Are you in negative equity?


----------



## jonahmurphy (7 May 2020)

Yes


----------



## RedOnion (7 May 2020)

There's nothing unusual about being offered a discount in certain circumstances, such as yours.


----------



## Brendan Burgess (7 May 2020)

Hi Jonah

Can you give a rough idea 
Value of property: 
Mortgage balance: 
Arrears balance: 

Interest rate: SVR or tracker? 

Will you have to sell the property to pay the mortgage or can you raise it elsewhere? 

Brendan


----------



## jonahmurphy (7 May 2020)

Hi Brendan

Property value is somewhere around 170K
mortgage balance is about 250K
Arrears Balance of 25K

Tracker by .80

Property has not been request to sell, funds can be raised elsewhere.


----------



## Brendan Burgess (7 May 2020)

So they will write off about €70k  and get €170k 

They would get less if they actually got an order for possession and tried to sell it.

With 2 years of arrears, they would eventually get an order, but it would cost a fair bit to enforce and the property probably would not sell for €170k.
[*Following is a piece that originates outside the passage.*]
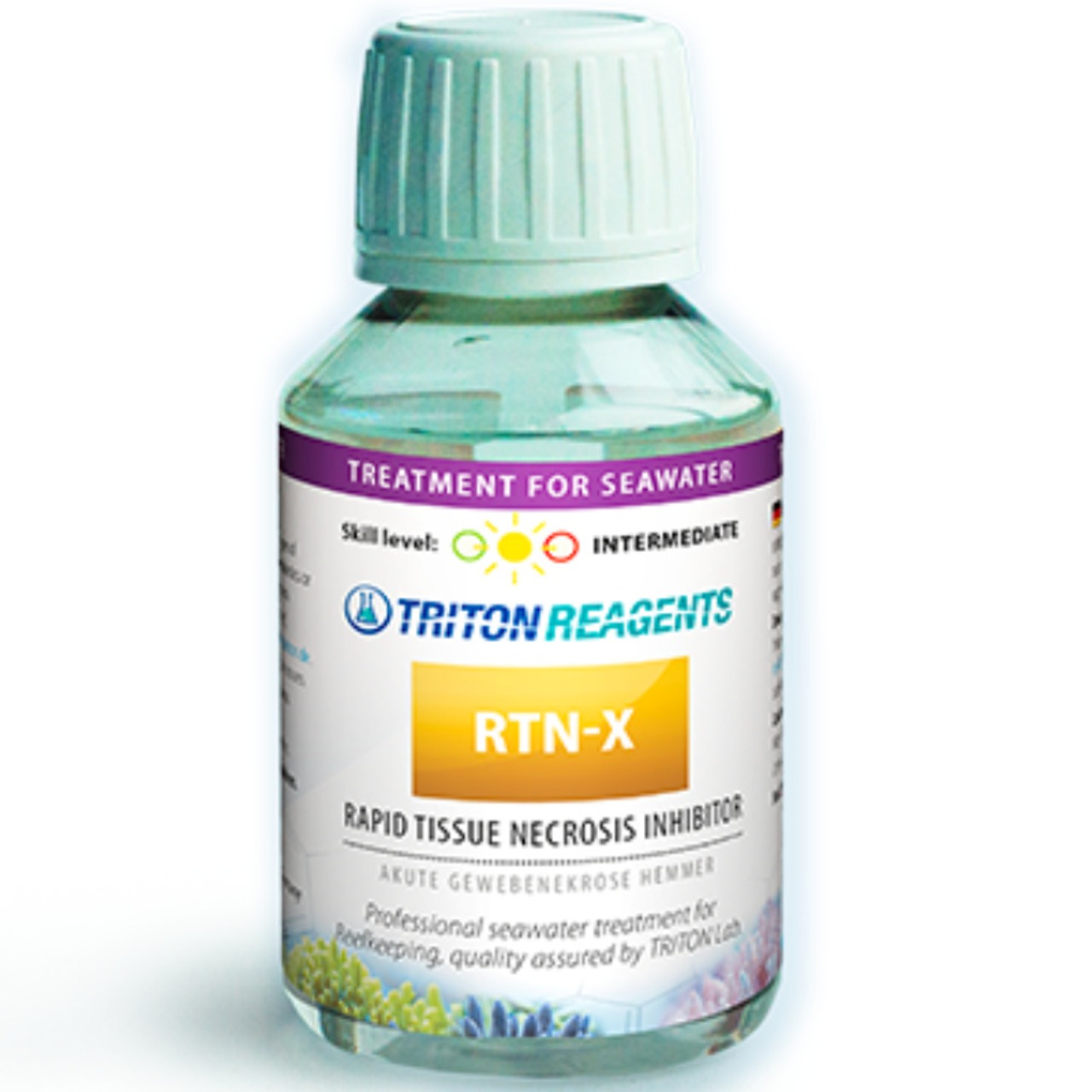 Triton RTN-X Gewebeverlust- Hemmer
Seems like a reasonable deal on both sides.

Brendan


----------



## Brendan Burgess (7 May 2020)

The alternative would be to go for a PIA but I assume that you have investigated that.

Brendan


----------



## jonahmurphy (7 May 2020)

Yes, i am happy enough with the deal. just wondering if this is common practice at the moment as i don't seem to be able to find any information on AAM of from a Google search.


----------



## Baby boomer (7 May 2020)

Is it your PPR or a buy to let?


----------



## Brendan Burgess (7 May 2020)

Hi Jonah

I don't know how common it is but it happens a fair bit.

It is one of the advantages of having your loan sold to a vulture fund.  The main banks rarely do deals like that in case it encourages other banks to default. 

It was more common in the past. But I have heard of offers of such deals being withdrawn or reduced.

My gut feeling is that you should go for it while it's available. 

I recommended this to one person who continued to negotiate for a better deal and it was withdrawn. They were in positive equity and could pay their mortgage so I don't know why they messed around.

Brendan


----------



## MrEarl (7 May 2020)

Baby boomer said:


> Is it your PPR or a buy to let?



Good question. 

I had assumed that it was a principal residence, right or wrong. 

Best of luck to the original poster, nice to see people getting a reasonable compromise, so they can move on with their lives.


----------



## jonahmurphy (8 May 2020)

Thanks All

It is a buy to let.


----------



## Jim Stafford (8 May 2020)

_Prima facie_, it seems it good deal, given that the normal "_business model_" for vulture funds is recover the value of the charged asset and to seek a contribution towards the residual debt. In this case the fund just seems to be settling for the value of the charged assets,  Perhaps they realise that they might not have a good charge on the property? Perhaps they realise that you have no other funds?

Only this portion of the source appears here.